[PROVIDED RECORDS]

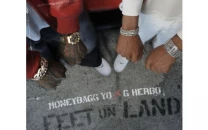 moneybagg yo and g herbo release trap anthem feet on land moneybagg yo and g herbo release trap anthem feet on land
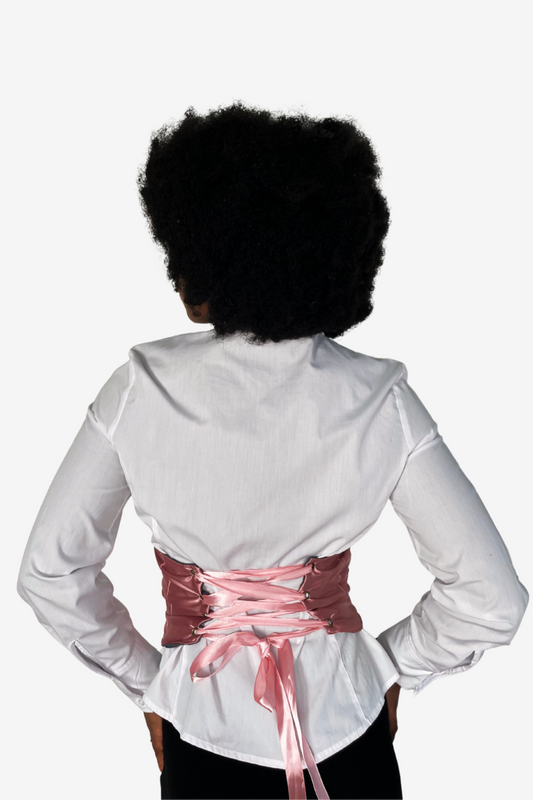 Corset rose en soie et dentelle - Édition Atelier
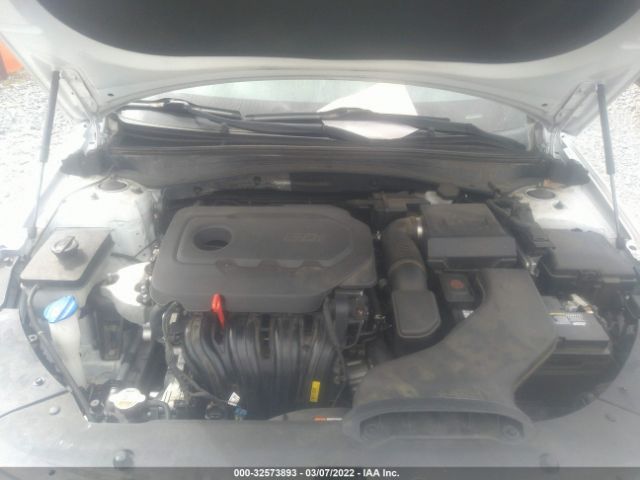 Photo 9 VIN: 5XXGT4L32JG207766 - KIA OPTIMA 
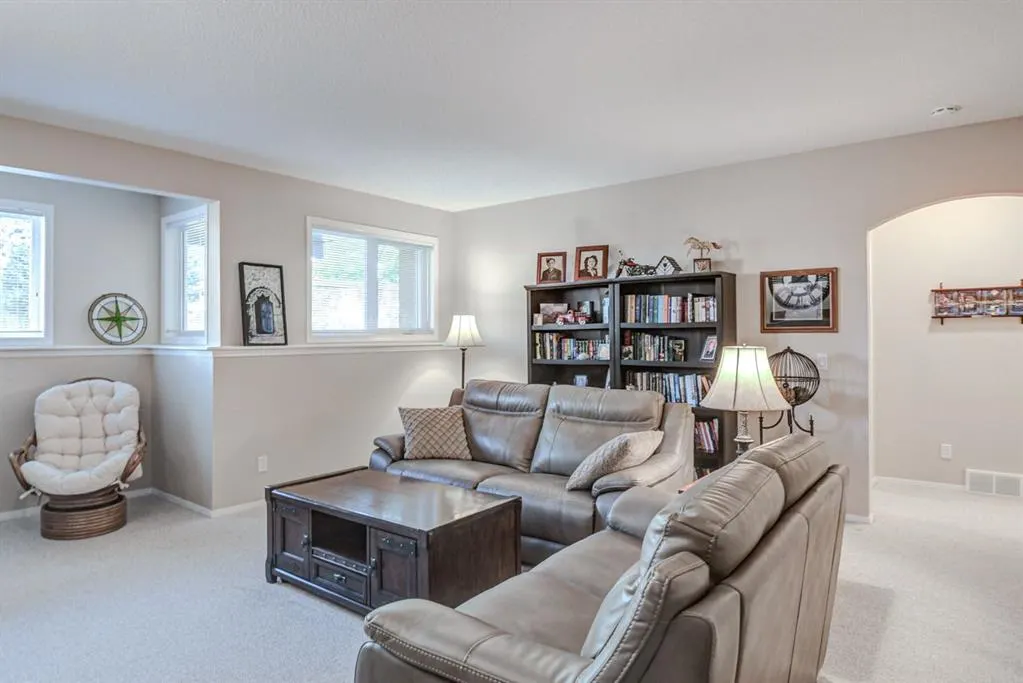 78 Shannon Estates Terrace SW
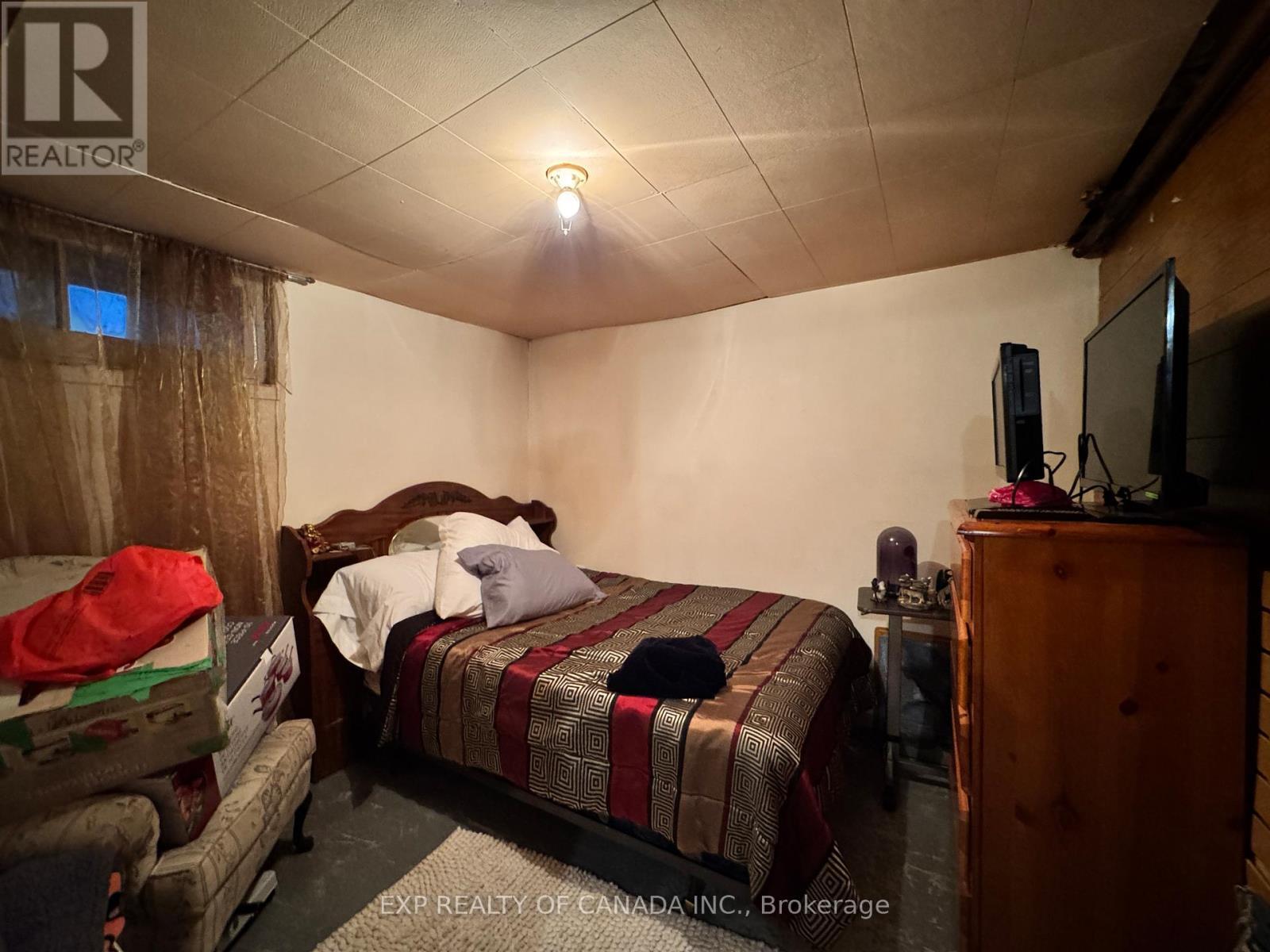 108 Toke Street, Timmins (Tne - Hill District), ON - Indoor Photo Showing Bedroom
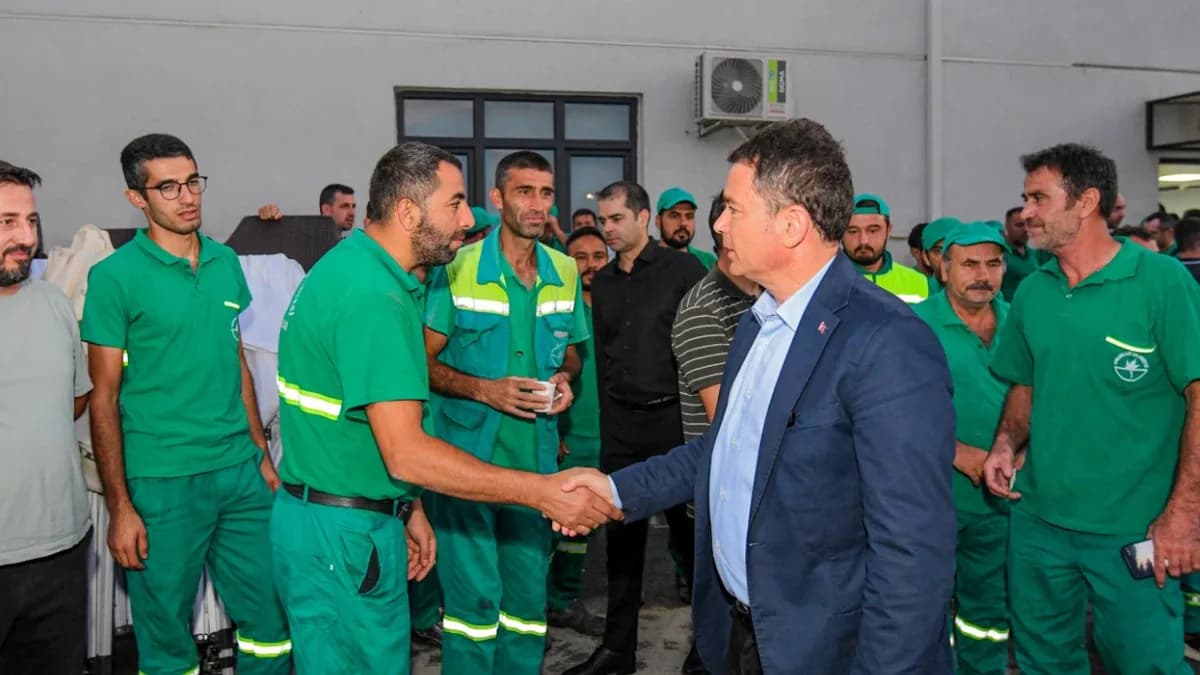 Başkan Aydın Güne Temizlik Emekçileriyle Başladı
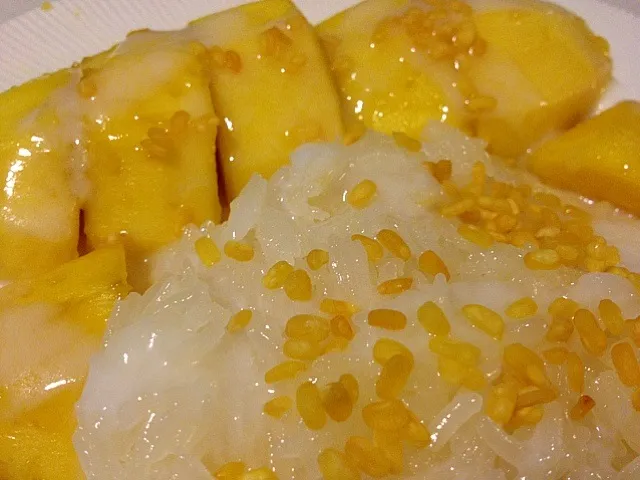 mango &rice with coconut milk|kittika tiranasarさん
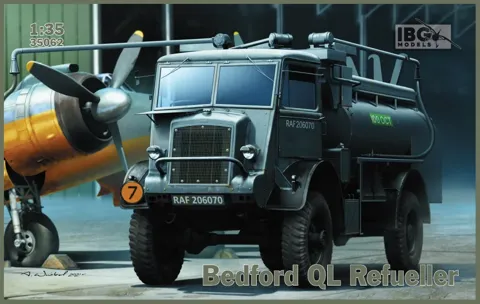 Krabice plastikové stavebnice IBG Models 35062 Bedford QL Refueller v měřítku 1/35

[/PROVIDED RECORDS]

TASK GOAL: Make an exact copy of the listing. Do not carry over its pictures.

RESULT:
 moneybagg yo and g herbo release trap anthem feet on land moneybagg yo and g herbo release trap anthem feet on land
 Corset rose en soie et dentelle - Édition Atelier
 Photo 9 VIN: 5XXGT4L32JG207766 - KIA OPTIMA 
 78 Shannon Estates Terrace SW
 108 Toke Street, Timmins (Tne - Hill District), ON - Indoor Photo Showing Bedroom
 Başkan Aydın Güne Temizlik Emekçileriyle Başladı
 mango &rice with coconut milk|kittika tiranasarさん
 Krabice plastikové stavebnice IBG Models 35062 Bedford QL Refueller v měřítku 1/35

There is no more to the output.